No Evangelho, porém, aparece uma mulher pagã que, ao contrário de Salomão, não tinha privilégios religiosos, mas possuía algo maior: fé perseverante e humilde. Mesmo diante do silêncio e das aparentes recusas de Jesus, ela não desiste. Reconhece sua pequenez, mas confia na grandeza da misericórdia divina. E é essa fé simples e insistente que alcança o milagre.
Hoje somos convidados a olhar para dentro de nós e perguntar: meu coração está dividido ou inteiramente entregue a Deus? A liturgia nos ensina que Deus não rejeita quem se aproxima com humildade e confiança. Se às vezes nos sentimos indignos, lembremos da mulher do Evangelho: basta uma “migalha” da graça de Cristo para transformar a nossa vida.
Peçamos ao Senhor um coração fiel, que não se deixe seduzir pelos falsos deuses deste mundo, e uma fé perseverante, capaz de confiar mesmo no silêncio.

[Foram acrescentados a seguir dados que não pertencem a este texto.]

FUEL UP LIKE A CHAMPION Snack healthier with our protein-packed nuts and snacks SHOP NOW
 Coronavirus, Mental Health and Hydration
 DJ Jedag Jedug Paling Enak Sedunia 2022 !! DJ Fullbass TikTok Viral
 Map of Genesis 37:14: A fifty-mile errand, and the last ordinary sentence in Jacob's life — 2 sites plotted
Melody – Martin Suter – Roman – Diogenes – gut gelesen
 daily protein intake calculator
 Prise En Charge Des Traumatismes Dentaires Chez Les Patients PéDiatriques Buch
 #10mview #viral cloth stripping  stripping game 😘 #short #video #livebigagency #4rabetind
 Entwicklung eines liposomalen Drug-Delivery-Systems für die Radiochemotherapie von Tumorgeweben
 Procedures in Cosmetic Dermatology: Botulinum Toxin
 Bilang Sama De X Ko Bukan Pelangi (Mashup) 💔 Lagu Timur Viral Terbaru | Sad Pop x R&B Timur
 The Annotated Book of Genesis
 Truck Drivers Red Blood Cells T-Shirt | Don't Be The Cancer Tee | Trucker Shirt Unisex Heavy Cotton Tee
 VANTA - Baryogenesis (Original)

Porque quem confia assim nunca volta para casa de mãos vazias.
Aplicação Pastoral para a Vida
• Examinar diariamente se algo está ocupando o lugar de Deus no coração.
• Cultivar uma fé perseverante, que reza e confia mesmo quando Deus parece silencioso.
• Rejeitar os “ídolos modernos” que prometem felicidade, mas afastam do Senhor.
• Aproximar-se de Cristo com humildade, certos de que a graça nunca é negada a quem confia.